As one critic put it: “if you were a substitute teacher who had to walk into a middle-school or high-school English class during the Shakespeare unit, these hour-long documentaries would be a godsend”. They would have been a godsend for me: (a) after more than two decades of teaching when I taught a Shakespearean play for the first time, or (b) when I was a student in the early 60s and studying that famous playwright for the first time.-Ron Price with thanks to 1Shakespeare Uncovered, Kevin McFarland, A.V. CLUB, 26 January 2013.
The thousand natural shocks that flesh is heir to
before death’s sleep…when I have shuffled-off
this mortal coil…bearing the whips & scorns of
time no more1-----was one way the Bard put it;
and, as one Canadian poet….perhaps Canada’s
greatest 19th century poet, Archibald Lampman
expressed life’s challenge….“the poet must not
cease from the mental effort required to obtain
his renovated vision of external nature and to
return, restored, to the wide-world of men.”2
1 Shakespeare, Hamlet, Act 3, Scene 1, lines 63-70.
2 Archibald Lampman in D.M.R. Bentley, “Watchful Dream and Sweet Unrest: An Essay on the Vision of Archibald Lampman, Part II,” Studies In Canadian Literature.”
23/7/’06 to 25/2/’13
I’ll add here a prose-poem I wrote more than four years ago, about ten years after retiring from FT work, and after 50 years in classrooms as a student and teacher, 1949-1999.

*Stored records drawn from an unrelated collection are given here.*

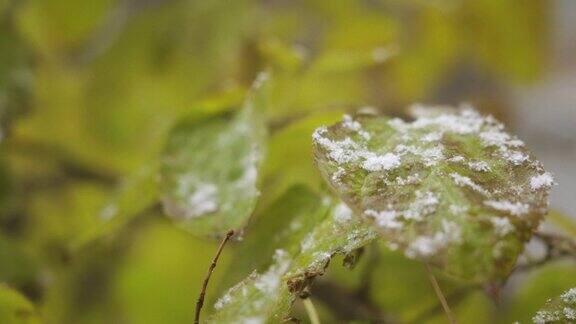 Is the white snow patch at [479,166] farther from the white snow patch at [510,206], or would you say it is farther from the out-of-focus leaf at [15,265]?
the out-of-focus leaf at [15,265]

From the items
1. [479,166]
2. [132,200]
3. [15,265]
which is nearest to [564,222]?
[479,166]

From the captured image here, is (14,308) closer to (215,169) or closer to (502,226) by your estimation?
(215,169)

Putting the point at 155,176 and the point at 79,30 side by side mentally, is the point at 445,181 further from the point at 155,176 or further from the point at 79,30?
the point at 79,30

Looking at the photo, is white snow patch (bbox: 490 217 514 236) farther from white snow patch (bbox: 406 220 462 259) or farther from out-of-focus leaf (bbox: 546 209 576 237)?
out-of-focus leaf (bbox: 546 209 576 237)

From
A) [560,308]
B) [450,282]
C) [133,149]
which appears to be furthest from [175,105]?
[560,308]

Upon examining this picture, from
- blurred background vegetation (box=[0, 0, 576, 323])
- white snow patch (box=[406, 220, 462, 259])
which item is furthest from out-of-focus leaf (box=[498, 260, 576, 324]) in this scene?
white snow patch (box=[406, 220, 462, 259])

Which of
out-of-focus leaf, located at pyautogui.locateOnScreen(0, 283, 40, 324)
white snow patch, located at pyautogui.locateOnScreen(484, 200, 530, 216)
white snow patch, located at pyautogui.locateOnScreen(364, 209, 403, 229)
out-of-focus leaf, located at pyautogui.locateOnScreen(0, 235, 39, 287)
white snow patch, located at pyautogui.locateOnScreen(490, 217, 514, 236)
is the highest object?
out-of-focus leaf, located at pyautogui.locateOnScreen(0, 235, 39, 287)

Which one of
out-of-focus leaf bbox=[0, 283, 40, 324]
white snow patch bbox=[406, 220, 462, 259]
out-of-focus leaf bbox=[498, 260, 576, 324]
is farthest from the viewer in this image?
out-of-focus leaf bbox=[498, 260, 576, 324] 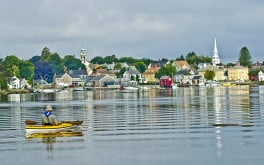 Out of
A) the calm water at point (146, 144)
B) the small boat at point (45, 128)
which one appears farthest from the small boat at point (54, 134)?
the calm water at point (146, 144)

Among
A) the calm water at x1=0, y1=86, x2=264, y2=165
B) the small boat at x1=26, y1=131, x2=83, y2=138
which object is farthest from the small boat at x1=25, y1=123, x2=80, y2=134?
the calm water at x1=0, y1=86, x2=264, y2=165

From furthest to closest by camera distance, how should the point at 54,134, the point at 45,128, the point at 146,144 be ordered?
the point at 45,128 < the point at 54,134 < the point at 146,144

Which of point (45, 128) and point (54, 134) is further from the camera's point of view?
point (45, 128)

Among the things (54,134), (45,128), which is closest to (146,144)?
(54,134)

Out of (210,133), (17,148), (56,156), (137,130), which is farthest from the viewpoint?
(137,130)

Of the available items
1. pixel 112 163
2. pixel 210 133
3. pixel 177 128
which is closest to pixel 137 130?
pixel 177 128

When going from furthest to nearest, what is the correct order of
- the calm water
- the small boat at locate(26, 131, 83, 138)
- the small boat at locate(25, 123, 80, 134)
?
the small boat at locate(25, 123, 80, 134), the small boat at locate(26, 131, 83, 138), the calm water

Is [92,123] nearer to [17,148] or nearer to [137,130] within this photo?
[137,130]

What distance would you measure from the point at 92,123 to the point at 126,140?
1553cm

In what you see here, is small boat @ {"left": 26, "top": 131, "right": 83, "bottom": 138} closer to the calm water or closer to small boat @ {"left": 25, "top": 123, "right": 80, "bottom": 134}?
small boat @ {"left": 25, "top": 123, "right": 80, "bottom": 134}

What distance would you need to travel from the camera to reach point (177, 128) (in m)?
47.3

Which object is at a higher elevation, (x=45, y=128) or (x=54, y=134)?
(x=45, y=128)

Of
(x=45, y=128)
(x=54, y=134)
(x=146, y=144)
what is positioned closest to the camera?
(x=146, y=144)

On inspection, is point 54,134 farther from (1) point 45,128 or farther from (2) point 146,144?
(2) point 146,144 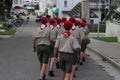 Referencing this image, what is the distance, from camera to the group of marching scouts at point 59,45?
11.6 m

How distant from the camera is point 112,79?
567 inches

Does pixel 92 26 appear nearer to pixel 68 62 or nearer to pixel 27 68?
pixel 27 68

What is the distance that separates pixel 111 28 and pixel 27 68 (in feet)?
101

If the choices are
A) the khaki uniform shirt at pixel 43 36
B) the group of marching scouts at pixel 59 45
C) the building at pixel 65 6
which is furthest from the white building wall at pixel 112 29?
the building at pixel 65 6

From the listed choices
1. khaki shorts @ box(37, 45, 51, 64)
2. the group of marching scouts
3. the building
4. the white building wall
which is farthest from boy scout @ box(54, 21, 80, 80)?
the building

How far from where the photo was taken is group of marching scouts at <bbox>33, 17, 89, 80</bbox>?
11.6 metres

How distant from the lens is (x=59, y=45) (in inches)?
464

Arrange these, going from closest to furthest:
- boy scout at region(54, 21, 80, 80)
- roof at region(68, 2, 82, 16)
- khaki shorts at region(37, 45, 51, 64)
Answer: boy scout at region(54, 21, 80, 80)
khaki shorts at region(37, 45, 51, 64)
roof at region(68, 2, 82, 16)

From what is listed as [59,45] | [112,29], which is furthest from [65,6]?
[59,45]

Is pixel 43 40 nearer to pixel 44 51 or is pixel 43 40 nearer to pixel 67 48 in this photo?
pixel 44 51

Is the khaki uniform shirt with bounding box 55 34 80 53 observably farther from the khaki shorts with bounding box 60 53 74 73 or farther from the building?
the building

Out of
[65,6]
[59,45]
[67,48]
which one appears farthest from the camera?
[65,6]

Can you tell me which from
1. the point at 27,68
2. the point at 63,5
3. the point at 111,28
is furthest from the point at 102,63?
the point at 63,5

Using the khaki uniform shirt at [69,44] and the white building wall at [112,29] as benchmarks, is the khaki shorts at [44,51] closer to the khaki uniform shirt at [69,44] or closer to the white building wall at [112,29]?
the khaki uniform shirt at [69,44] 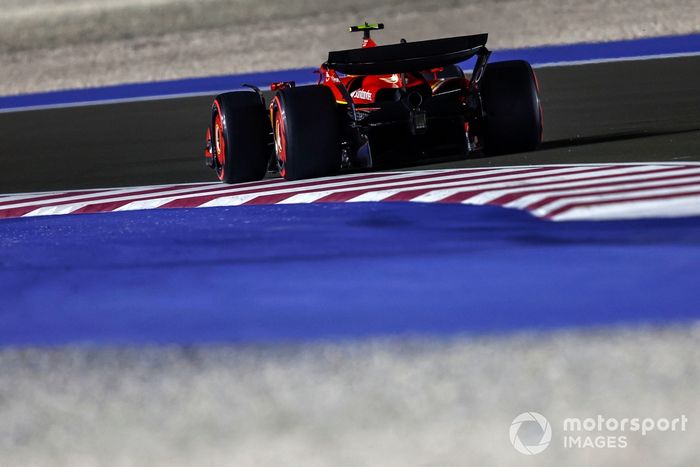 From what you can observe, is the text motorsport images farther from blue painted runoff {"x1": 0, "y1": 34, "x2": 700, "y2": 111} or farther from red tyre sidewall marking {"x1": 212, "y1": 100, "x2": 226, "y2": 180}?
blue painted runoff {"x1": 0, "y1": 34, "x2": 700, "y2": 111}

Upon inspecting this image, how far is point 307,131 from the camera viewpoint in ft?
26.9

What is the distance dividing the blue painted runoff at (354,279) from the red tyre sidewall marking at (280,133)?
1417 millimetres

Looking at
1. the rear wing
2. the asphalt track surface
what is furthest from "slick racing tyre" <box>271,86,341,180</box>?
the asphalt track surface

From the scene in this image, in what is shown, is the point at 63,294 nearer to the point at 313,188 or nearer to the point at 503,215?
the point at 503,215

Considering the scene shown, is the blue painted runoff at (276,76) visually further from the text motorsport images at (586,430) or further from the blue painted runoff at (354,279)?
the text motorsport images at (586,430)

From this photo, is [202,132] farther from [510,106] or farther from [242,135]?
[510,106]

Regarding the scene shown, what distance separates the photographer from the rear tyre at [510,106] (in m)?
8.53

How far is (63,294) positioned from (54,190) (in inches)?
171

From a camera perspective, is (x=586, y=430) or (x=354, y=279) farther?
(x=354, y=279)

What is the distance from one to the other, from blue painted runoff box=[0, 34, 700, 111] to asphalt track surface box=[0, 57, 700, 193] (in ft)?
3.38

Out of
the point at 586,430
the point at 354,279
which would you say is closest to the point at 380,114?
the point at 354,279

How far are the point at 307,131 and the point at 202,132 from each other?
15.5 ft

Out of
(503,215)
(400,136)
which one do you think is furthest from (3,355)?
(400,136)

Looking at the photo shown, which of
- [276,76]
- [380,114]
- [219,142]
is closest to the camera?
[380,114] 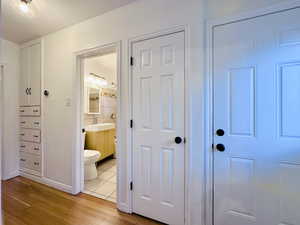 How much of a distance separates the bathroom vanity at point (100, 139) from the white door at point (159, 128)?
1724 millimetres

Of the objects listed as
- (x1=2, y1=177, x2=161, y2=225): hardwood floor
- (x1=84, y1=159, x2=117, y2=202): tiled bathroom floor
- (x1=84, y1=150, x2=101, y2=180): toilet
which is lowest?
(x1=2, y1=177, x2=161, y2=225): hardwood floor

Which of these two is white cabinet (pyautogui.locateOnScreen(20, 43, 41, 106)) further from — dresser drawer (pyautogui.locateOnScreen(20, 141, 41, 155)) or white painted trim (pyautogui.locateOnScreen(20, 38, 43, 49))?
dresser drawer (pyautogui.locateOnScreen(20, 141, 41, 155))

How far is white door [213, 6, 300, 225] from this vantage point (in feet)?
4.43

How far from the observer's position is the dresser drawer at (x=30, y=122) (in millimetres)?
2833

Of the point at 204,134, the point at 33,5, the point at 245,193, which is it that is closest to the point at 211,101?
the point at 204,134

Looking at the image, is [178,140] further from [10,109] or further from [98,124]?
[10,109]

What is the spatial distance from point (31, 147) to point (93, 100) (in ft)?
4.98

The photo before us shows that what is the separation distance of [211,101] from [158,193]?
44.7 inches

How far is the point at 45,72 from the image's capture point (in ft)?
9.09

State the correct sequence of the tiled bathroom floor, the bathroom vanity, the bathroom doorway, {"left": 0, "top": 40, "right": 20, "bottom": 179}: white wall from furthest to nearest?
the bathroom vanity < {"left": 0, "top": 40, "right": 20, "bottom": 179}: white wall < the bathroom doorway < the tiled bathroom floor

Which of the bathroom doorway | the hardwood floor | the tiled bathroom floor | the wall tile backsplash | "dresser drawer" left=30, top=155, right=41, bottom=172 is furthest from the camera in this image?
the wall tile backsplash

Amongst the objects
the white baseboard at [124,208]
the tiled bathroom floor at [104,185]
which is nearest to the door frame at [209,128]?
the white baseboard at [124,208]

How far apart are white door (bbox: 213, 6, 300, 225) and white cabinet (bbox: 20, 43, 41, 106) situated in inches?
112

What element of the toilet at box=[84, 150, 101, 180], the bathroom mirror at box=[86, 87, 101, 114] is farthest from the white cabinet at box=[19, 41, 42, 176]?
the bathroom mirror at box=[86, 87, 101, 114] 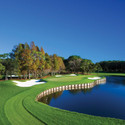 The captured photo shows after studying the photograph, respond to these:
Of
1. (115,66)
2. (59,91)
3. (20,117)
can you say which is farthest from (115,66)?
(20,117)

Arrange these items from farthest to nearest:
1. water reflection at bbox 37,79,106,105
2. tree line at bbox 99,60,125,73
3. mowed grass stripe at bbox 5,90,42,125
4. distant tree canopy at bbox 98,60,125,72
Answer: tree line at bbox 99,60,125,73
distant tree canopy at bbox 98,60,125,72
water reflection at bbox 37,79,106,105
mowed grass stripe at bbox 5,90,42,125

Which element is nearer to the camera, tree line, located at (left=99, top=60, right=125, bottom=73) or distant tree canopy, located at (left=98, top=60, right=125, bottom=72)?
distant tree canopy, located at (left=98, top=60, right=125, bottom=72)

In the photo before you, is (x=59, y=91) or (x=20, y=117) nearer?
(x=20, y=117)

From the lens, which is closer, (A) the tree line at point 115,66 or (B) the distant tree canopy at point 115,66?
(B) the distant tree canopy at point 115,66

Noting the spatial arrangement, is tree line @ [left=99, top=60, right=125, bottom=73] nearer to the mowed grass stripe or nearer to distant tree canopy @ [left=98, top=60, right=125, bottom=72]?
distant tree canopy @ [left=98, top=60, right=125, bottom=72]

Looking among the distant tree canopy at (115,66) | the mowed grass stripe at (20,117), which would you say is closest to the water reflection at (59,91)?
the mowed grass stripe at (20,117)

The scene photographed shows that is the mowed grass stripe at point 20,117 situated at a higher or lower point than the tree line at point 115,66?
lower

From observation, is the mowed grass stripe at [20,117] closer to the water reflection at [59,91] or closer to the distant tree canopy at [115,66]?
the water reflection at [59,91]

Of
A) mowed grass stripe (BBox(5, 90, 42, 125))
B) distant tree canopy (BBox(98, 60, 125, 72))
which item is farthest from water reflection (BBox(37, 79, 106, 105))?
distant tree canopy (BBox(98, 60, 125, 72))

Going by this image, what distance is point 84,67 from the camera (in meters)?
61.3

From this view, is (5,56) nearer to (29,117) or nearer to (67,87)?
(67,87)

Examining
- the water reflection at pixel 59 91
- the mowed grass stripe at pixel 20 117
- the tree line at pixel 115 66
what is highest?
the tree line at pixel 115 66

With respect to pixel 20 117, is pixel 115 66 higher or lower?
higher

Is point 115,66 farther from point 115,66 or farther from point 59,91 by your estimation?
point 59,91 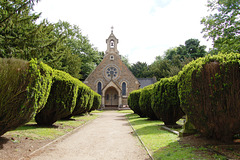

THIS ENTERPRISE OF GREAT PITCH AND MOMENT
In Act 2 Scene 2 of Shakespeare's Hamlet a speech is delivered by Hamlet praising man's nobility, his reason, his beauty and his angelic quality. But Hamlet goes on in the same speech to say that man is the "quintessence of dust." Man, human beings, brought Hamlet no delight any more. Having tasted of this same kind of experience myself from time to time in my life, or had variations on a similar theme in my emotional life, I felt like writing a prose-poem to express the particular nature of my "fighting/That would not let me sleep." I wanted to express what had often been my desire: "To die, to sleep/No more," with my "native hue of resolution……sicklied o'er with the pale cast of thought."1
In the end, for Hamlet, "the rest is silence."1 For me, for this poet living in the Antipodes, the rest seemed to be, not silence, but endless words. -Ron Price with thanks to 1Shakespeare, Hamlet, Act 3, Scene 1, The Soliloquy: "To Be or Not To Be.”
I decided more recently
to take up arms against
a world's sea of troubles,
not suffer the same slings
and arrows of outrageous
fortune….to take up arms
differently than I had done
for the previous forty years.
And so I reduced the many natural
shocks that flesh is heir to…..those
whips and scorns of many a year, &
the fatigue, the weariness in which I
did toil, sweat to an unavoidable, and
deal with a narrow, band of woe, woe.
So....when the sleep of death does come,
when I have shifted off this mortal coil
and entered that undiscovered country
from which no man returns; when I do
not have to deal with things contrary to
my wishes, but only with those days of
blissful joy which are assuredly in store
for me, I can look back and say that this
enterprise of great pitch & moment, when
the native hue of resolution was coloured
over with the rich cast of thought, and a
quickening wind amplified my perspectives
yielding some consequences of a surprising
poetic potency: yes, perchance a rendezvous
with my Maker, yes, finally that rendezvous.